The population was spread out, with 2,157 people (30.0%) under the age of 18, 930 people (12.9%) aged 18 to 24, 2,028 people (28.2%) aged 25 to 44, 1,421 people (19.7%) aged 45 to 64, and 662 people (9.2%) who were 65 years of age or older. The median age was 29.6 years. For every 100 females, there were 106.9 males. For every 100 females age 18 and over, there were 106.0 males.

There were 1,700 housing units at an average density of 840.0 /sqmi, of which 981 (60.2%) were owner-occupied, and 648 (39.8%) were occupied by renters.
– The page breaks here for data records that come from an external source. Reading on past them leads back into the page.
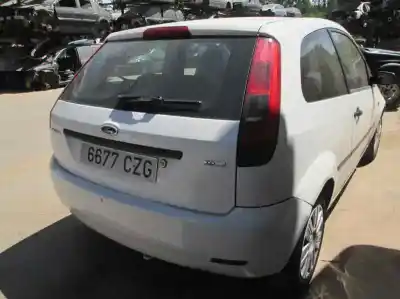 Veículo de Sucata ford fiesta (cbk) trend do ano 2004 alimentado d/f6ja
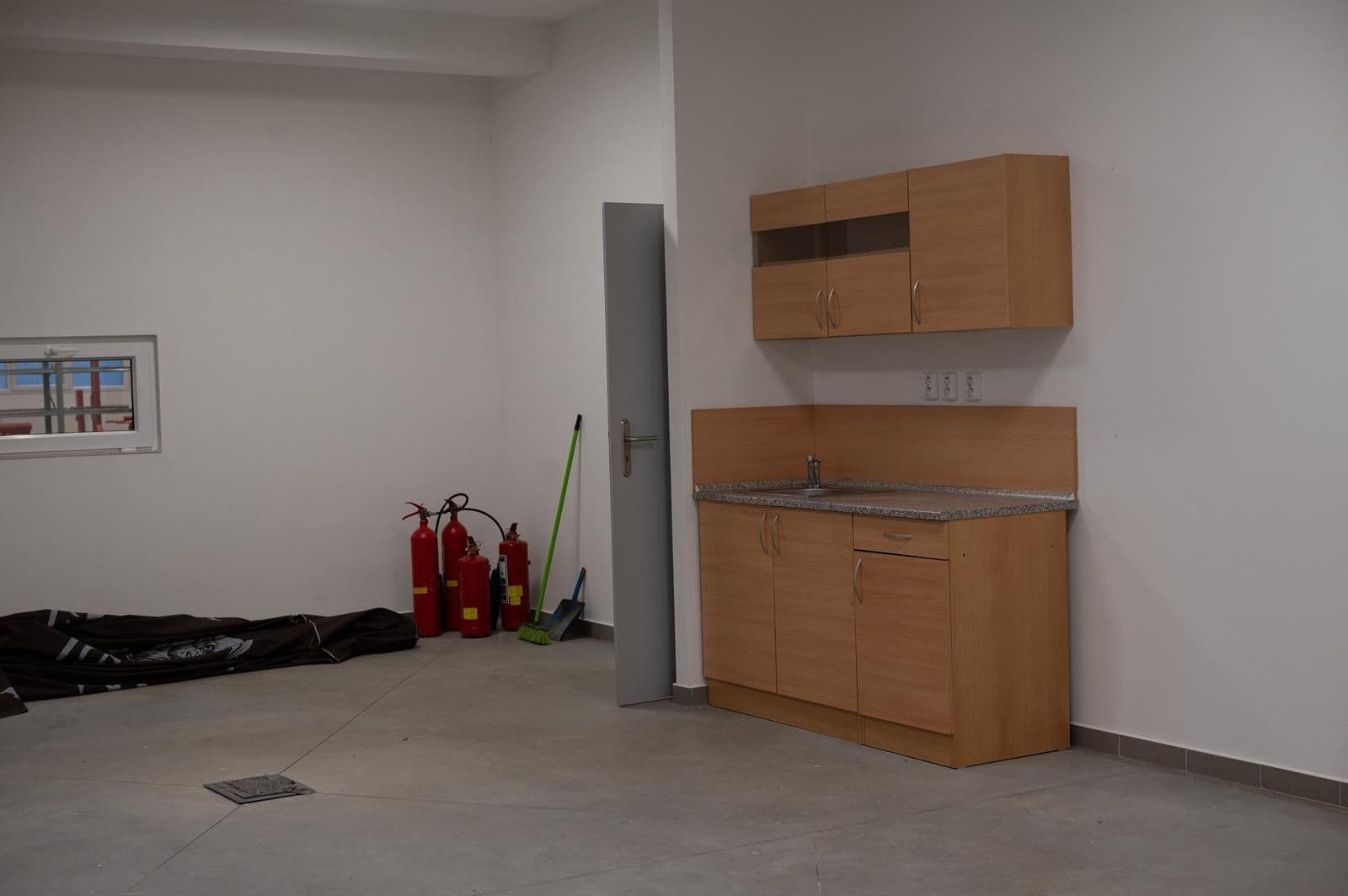 non-residential property to rent, 328 m², Albrechtice, Pardubický Region non-residential property to rent, 328 m², Albrechtice, Pardubický Region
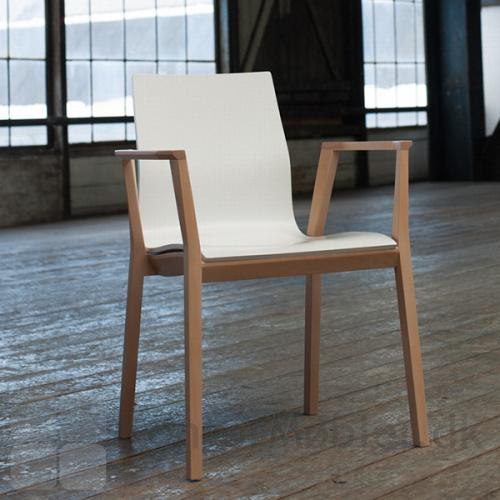 Magnus Olesen Tonica Wood mødestol i enkelt og formstærkt design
The homeowner vacancy rate was 1.4%; the rental vacancy rate was 2.8%. 4,223 people (58.7% of the population) lived in owner-occupied housing units and 2,967 people (41.2%) lived in rental housing units.
==Arts and culture==
The Albert H. Soliz Library in the community is a branch of the Ventura County Library system. Poet and novelist Michele Serros a book-signing event here in 2006 when her young-adult novel “Honey Blonde Chica” was published. She remarked "This library was my home away from home when I was growing up." The Roger Jones Community Center is nearby with an adjoining public park.

==Infrastructure==
A majority of the streets in the older unincorporated area do not have sidewalks. As traffic has increased, the safety of school children and other pedestrians has been a concern for the community. Cloverdale Mutual Water District serves 135 households in the community which is about 500 residents.
In the 1990s, the area's existing septic tanks were banned because of groundwater contamination in this area of the Oxnard Plain adjacent to the Santa Clara River. A $35 million conversion to a sewer system was undertaken by the county. The area storm water drains into the adjacent Santa Clara River.

Ventura County juvenile justice center is located on the outskirts of El Rio near the small community of Strickland and Rio Mesa High School. The high-security facility on Vineyard Avenue is colloquially known as juvenile hall.